Wir haben vor knapp zwei Wochen Ostern gefeiert, Ostern gilt trotz aller Einschränkungen, trotz Pandemie. Ostern vermittelt Gottes Liebe, die Kraft, die alles überwindet, auch den Tod. Das macht den christlichen Glauben aus. Es ist also möglich, dass wir verbunden sind, auch wenn wir nicht nebeneinander sitzen können.

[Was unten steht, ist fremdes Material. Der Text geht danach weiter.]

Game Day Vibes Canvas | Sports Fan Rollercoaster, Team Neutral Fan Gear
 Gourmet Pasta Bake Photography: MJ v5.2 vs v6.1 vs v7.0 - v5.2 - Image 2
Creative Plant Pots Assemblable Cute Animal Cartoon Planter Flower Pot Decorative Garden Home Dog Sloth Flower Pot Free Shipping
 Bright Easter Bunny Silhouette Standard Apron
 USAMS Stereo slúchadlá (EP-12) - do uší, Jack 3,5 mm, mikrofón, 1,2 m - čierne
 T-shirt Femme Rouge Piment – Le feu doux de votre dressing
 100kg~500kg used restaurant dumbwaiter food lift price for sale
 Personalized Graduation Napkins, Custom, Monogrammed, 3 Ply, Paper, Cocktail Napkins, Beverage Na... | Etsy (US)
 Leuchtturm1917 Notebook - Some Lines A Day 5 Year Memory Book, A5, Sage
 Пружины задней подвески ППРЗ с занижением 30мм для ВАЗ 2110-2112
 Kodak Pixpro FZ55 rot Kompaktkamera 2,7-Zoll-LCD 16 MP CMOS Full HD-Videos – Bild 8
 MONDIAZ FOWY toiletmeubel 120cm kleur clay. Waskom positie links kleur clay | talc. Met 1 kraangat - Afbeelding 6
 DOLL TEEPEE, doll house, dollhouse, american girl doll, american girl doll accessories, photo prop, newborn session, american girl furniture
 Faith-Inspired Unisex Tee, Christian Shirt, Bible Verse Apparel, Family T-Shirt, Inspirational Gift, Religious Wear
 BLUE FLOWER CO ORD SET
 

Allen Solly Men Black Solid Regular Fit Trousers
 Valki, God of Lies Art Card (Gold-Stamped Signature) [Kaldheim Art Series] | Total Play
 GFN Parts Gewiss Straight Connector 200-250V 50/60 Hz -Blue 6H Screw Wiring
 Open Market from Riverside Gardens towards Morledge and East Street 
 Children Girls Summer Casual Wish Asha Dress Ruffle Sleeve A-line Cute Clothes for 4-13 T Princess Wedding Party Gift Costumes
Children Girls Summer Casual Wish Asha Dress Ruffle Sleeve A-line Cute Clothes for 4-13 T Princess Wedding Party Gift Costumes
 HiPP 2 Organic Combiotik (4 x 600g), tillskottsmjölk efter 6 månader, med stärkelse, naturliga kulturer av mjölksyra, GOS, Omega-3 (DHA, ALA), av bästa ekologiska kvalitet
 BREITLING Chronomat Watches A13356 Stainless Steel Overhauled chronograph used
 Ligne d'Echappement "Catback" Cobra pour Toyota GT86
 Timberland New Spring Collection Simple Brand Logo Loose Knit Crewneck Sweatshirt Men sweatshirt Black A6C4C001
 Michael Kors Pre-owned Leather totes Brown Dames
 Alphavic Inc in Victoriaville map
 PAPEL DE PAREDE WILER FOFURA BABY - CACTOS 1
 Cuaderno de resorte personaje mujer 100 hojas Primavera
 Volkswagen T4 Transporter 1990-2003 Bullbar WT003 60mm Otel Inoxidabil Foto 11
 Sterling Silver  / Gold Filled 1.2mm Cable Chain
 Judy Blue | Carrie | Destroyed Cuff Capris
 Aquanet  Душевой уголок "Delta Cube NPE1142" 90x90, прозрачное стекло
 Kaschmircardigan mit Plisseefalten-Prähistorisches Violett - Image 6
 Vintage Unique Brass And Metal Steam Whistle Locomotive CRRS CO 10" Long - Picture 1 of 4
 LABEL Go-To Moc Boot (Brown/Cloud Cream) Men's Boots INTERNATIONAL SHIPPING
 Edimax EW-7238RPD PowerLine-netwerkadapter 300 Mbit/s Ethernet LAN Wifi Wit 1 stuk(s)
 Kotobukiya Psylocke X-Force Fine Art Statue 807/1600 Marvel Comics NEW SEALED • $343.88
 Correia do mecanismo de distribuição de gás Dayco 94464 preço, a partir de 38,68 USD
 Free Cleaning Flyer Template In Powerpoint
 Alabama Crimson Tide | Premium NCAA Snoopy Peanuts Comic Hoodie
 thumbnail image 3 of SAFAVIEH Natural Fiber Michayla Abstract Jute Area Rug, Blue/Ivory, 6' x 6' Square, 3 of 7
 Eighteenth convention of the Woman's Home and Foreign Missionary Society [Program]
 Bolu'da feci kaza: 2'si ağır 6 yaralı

Wie können wir konkret helfen? Mit meinem 90-jährigen Vater kann ich nicht per WhatsApp chatten, was mit anderen Familienmitgliedern durchaus hilfreich ist, aber ich kann ihn immerhin anrufen. Man kann Gefühle, Ängste und Sorgen benennen und aussprechen: Die Sorgen auf mehrere Schultern zu verteilen, kann ein erster Schritt sein. Es ist gut, die Gefühle auch zu benennen.

Vielfach werden positive Momente geschaffen. Es wird an einigen Orten gemeinsam gesungen oder musiziert, beispielsweise wenn viele Leute dies zur gleichen Zeit auf Balkonen tun. Auch innerhalb der Familien kann es gelingen, zum Beispiel durch gemeinsame Aktivitäten wie Kochen, Spielen, Basteln, eine neue Gemeinsamkeit zu erleben. Über eine halbe Million Menschen haben am 8. April per Internet und Fernsehen die Aktion „Deutschland betet gemeinsam" gesehen. Es war eine ökumenische Initiative. Schirmherr war übrigens Markus Söder.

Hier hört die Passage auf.